Of this, some 70% is locked in glaciers and polar ice. Our survival depends on the tiny bit which is left.
Over a billion people already lack access to a safe supply of adequate drinking water.
These numbers will increase with world population. Here, again, is a clear link to climate change: as rainfall patters shift, so does the availability of fresh water.
But the real crisis is this: right now, our largest cities depend heavily on groundwater. Beijing, Buenos Aires, Mexico City -- and perhaps your own community -- draws its water from underground aquifers.
These aquifers take centuries to replenish, so it's unlikely their use on this scale is sustainable. The recent corporatization of drinking water is no accident: investors recognize the trends of shrinking supply and increasing demand.

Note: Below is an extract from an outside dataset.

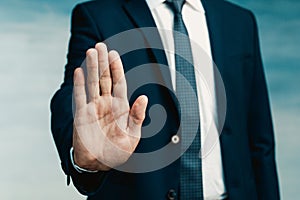 Businessman gesture. Male palm close-up in a gesture of stop. In the background a man in a blue suit with a tie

This is the reason multinational companies are snapping up neglected municipal water infrastructures and throwing themselves into the bottled water business. Water is the Blue Gold of the 21st century.
How will we replace shrinking fresh water supplies? Desalinization of sea water is an obvious answer, but desalinization is expensive energy intensive. It would require the development of a distribution system that dwarfs the one by which we currently bring petroleum to market. We will have to seek out new ways to reprocess wastewater and reduce our current demand on groundwater supplies.
While changes will necessarily trickle down to the household level and will be neither cheap nor convenient, they are unavoidable if we wish to sustain our current rate of population growth.
There are no equivalents to carbon credits when it comes to water: you can't pay someone not to consume water on your behalf.
When it comes to dwindling fresh water supplies, there can be no smoke and mirrors. Stop drinking for a day, and you'll realize the pressing nature of thirst. The recent drought in the American Southwest and the threat of water rationing in places like Los Angeles are a preview of things to come.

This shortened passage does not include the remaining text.